I am also interested in if there is any theoretical analysis to the stability of computing inverse ill-conditioned matrices.

Thanks Brian, very intuitive examples. The stability is exactly what I am concerned. The high level picture is that I want to solve a document clustering problem which can be finally converted to solve a set of least square problems. Then I get the potentially ill-conditioned matrix M. And now I need to find a good way to solve this problem.

M is guaranteed to be a positive semi-definite (PSD) matrix. There is no guarantee that all eigenvalues are positive. Then, there is a potential problem with my paper because of my careless during the formulation (dmml.asu.edu/users/xufei/Papers/ICDM2011.pdf page 3). So I want to find a ``good'' solution in terms of stability for this matrix inversion problem.

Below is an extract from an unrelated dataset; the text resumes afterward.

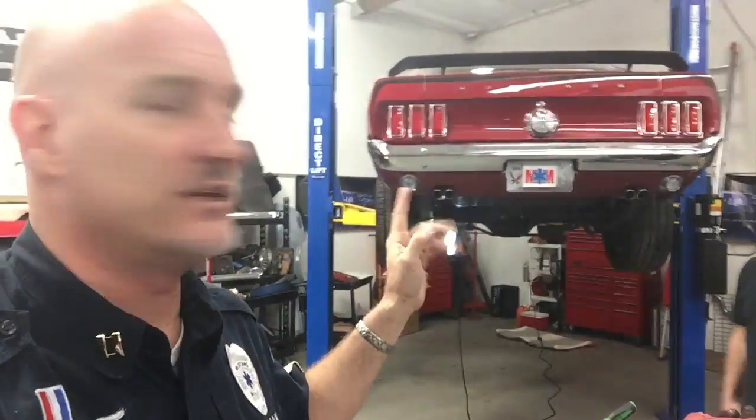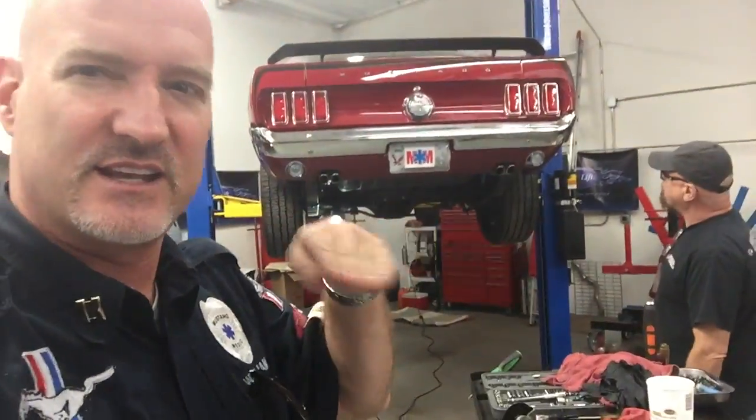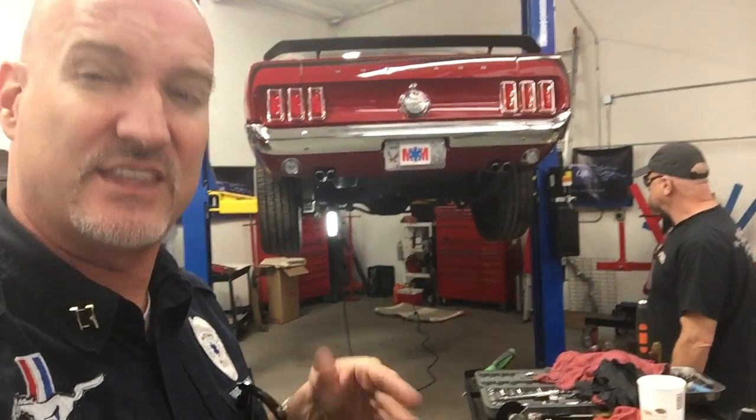One of my favorite parts about the Mach 1 — the 69 Mach 1 — is the design of the tail end. It's the reason I absolutely love the GT500, the 69, because I get that tail end, I get a bunch of scoops, and I get a 71 to 73 front end on the GT, because that's the way Carroll Shelby designed it. I think it actually inspired the 71 to 73 body styles.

I mean stability. Will these two approaches differ significantly. My application uses the inverse matrix of the PSD matrix to solve the minimization problem, $\min ~ \| M^{1/2} L - M^{-1/2} N \|_F^{2} $ Here matrices M and N are known, and L is to be computed. I minimize the Frobenious norm, which can be solved by a set of least square problems. So different inverse matrices would affect the final solution of L. I would like to see any references discussing the effect of different transformation approaches (from PSD to PD).